Russland habe sein gesamtes wirtschaftliches Management den politischen und militärischen Zielen untergeordnet, meint der sozialistische britische Historiker Simon Pirani, der sich seit vielen Jahren mit der wirtschaftspolitischen Entwicklung des Landes beschäftigt: „Jener Teil des Staatsapparats, der Krieg führen, die Militärausgaben erhöhen und einen nationalistischen Appell an die Bevölkerung richten wollte, hatte sich durchgesetzt“, so Pirani in einem Interview mit der Schweizer Wochenzeitung „WoZ“: „Der andere Teil, der dem russischen Kapitalismus seinen Platz in der Welt verschaffen wollte, hatte sich diesen Zielen zu fügen.“

Krieg und soziale Kontrolle

Ob allerdings Leute wie Glasjew tatsächlich die Oberhand gewinnen werden, liegt nicht zuletzt daran, ob die jetzige Führungsriege der Zentralbank Putin weiterhin die finanziellen Mittel an die Hand geben kann, die er zur Fortsetzung des Krieges und zur Aufrechterhaltung seines auf Rentenverteilung basierenden Herrschaftssystems benötigt. So oder so wird das Resultat eine Aufzehrung der finanziellen Mittel Russlands bedeuten, die der Handel mit China, Indien und anderen kurz- und mittelfristig nicht kompensieren kann. Um den jetzigen politischen Kurs weiterzuführen, bleibt also wirtschaftlich bloß eine Ausweitung des Haushaltsdefizits oder eine Kürzung ziviler öffentlicher Ausgaben wie der Sozial- und Gesundheitsversorgung.
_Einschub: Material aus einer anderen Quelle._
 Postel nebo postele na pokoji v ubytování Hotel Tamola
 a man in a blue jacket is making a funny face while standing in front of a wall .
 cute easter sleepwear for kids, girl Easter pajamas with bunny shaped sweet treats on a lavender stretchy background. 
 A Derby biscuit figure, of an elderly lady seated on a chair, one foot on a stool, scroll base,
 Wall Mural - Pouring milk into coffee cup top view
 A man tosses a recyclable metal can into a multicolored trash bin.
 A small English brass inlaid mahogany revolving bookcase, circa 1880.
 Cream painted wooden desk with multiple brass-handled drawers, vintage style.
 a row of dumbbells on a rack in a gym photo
Der eingeschlagene Weg wird nicht nur sozialpolitisch drastische Auswirkungen auf die russische Bevölkerung haben. „Wie aber übt man soziale Kontrolle über die Bevölkerung aus, wenn der Lebensstandard nicht mehr steigt?“, fragt Historiker Pirani rhetorisch im bereits zitierten Interview, und gibt sich selbst die Antwort: „Am einfachsten geht das bekanntlich noch immer mit Fahnenschwenken und Nationalismus.“

Der Soziologe Lew Gudkow vom immer noch unabhängigen russischen Meinungsforschungsinstitut „Lewada-Zentrum“ hebt dies in seinen Schriften bereits seit Jahren hervor. „Das alltägliche Gefühl der Erniedrigung und der Wehrlosigkeit gegenüber der Willkür des Staates wird durch einen Kult der Stärke und der Gewalt kompensiert“, schrieb Gudkow im Jahr 2013: „Die Symbole der kollektiven Einheit – ‚das riesige Land‘ – rufen dazu auf, stolz auf die Militärmacht des Imperiums zu sein, sie verlangen Rituale des nationalen Ruhms, festigen das Gefühl der Überlegenheit über andere Völker und fordern Bereitschaft zur Mobilisierung.“ Gleichzeitig, so Gudkow, „schützen sie vor einer rationalen Kritik am sakralen Status des Machtstaats, der von seinen Untertanen Opfer und Leidensfähigkeit verlangt“.

Neben den Rohstoffreserven und der massiven Repression gegen Protestierende ist nicht zuletzt diese Haltung in der Bevölkerung eine Ressource, die es Putin erlaubt, den Krieg gegen die Ukraine trotz westlicher Sanktionen bis auf weiteres fortzuführen.